Stop after the line that contains "homemade vanilla and". Until then, retype each line of the entries exactly from the first one, skipping pictures.

Information provided section start

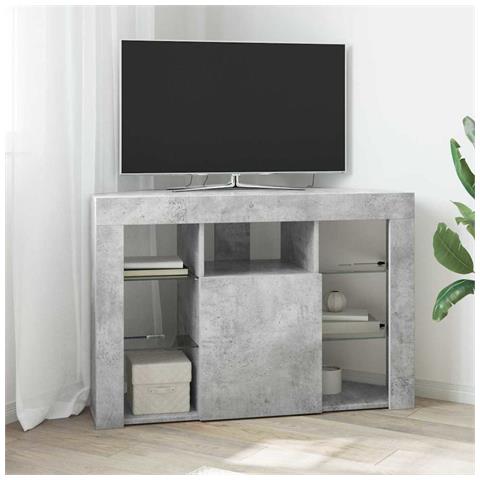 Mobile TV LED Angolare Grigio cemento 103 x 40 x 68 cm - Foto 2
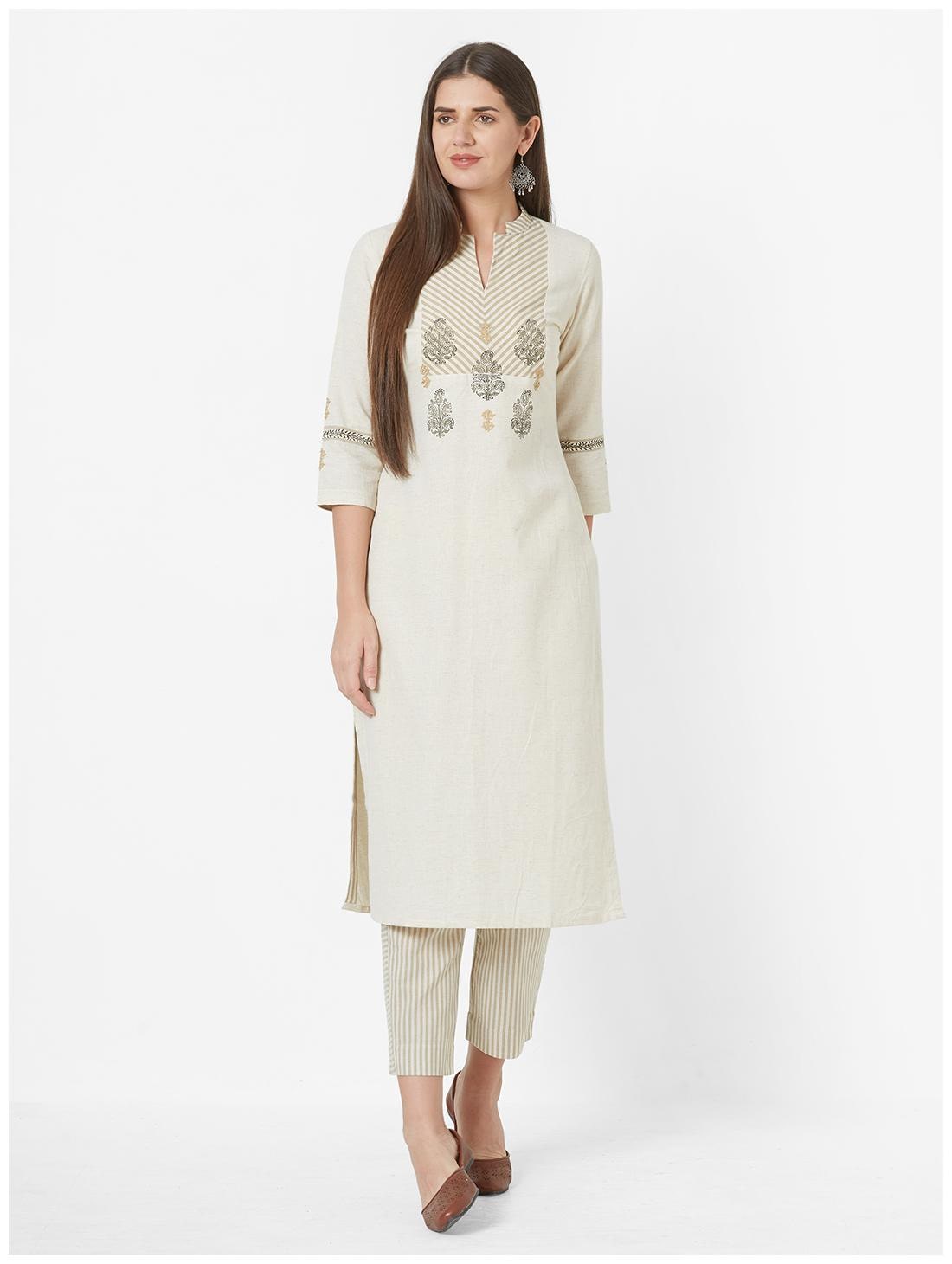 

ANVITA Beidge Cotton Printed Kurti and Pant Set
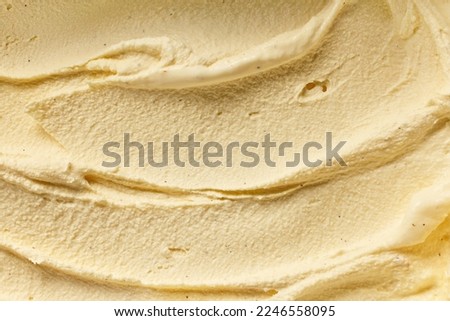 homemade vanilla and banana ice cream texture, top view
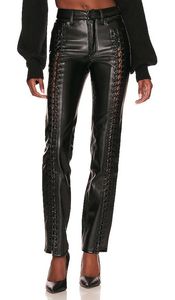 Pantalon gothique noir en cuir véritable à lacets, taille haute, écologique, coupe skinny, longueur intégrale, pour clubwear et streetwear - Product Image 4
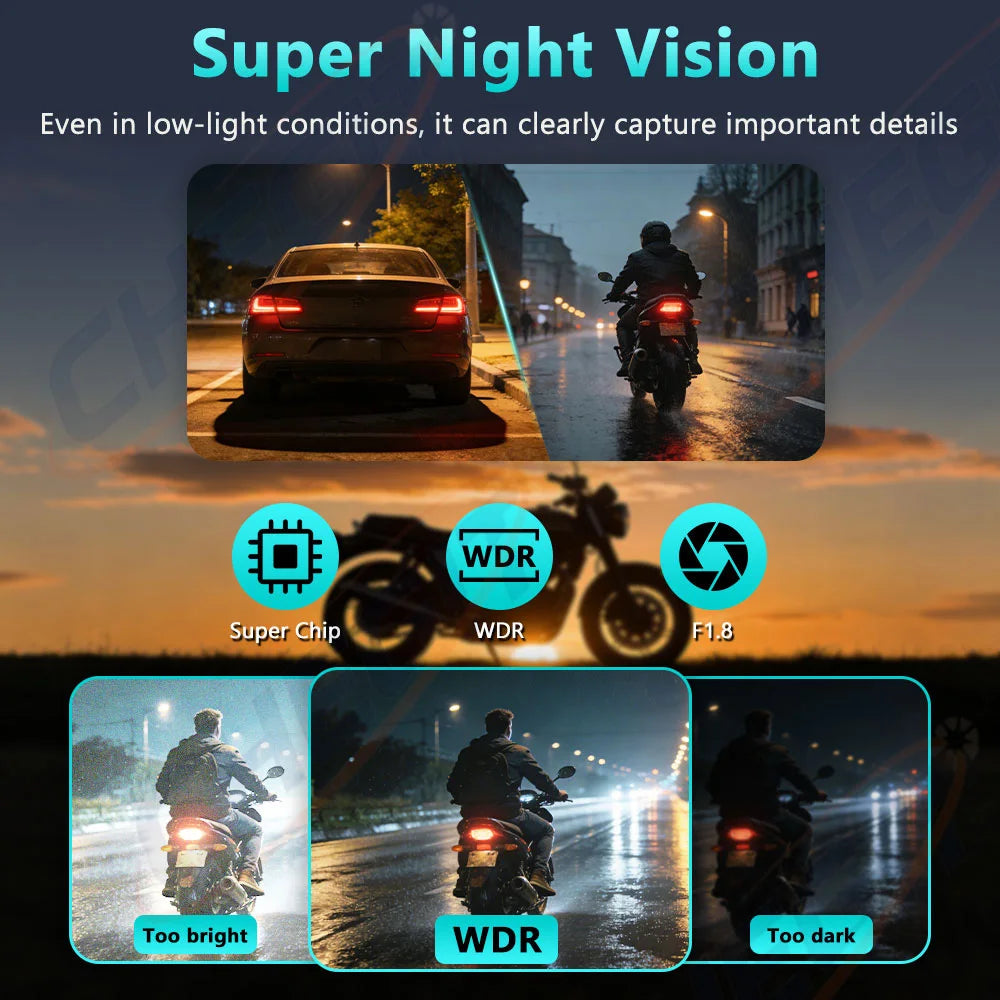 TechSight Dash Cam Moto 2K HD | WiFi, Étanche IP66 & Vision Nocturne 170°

Information provided section end

» Exercise solution:
 Mobile TV LED Angolare Grigio cemento 103 x 40 x 68 cm - Foto 2

ANVITA Beidge Cotton Printed Kurti and Pant Set
 homemade vanilla and banana ice cream texture, top view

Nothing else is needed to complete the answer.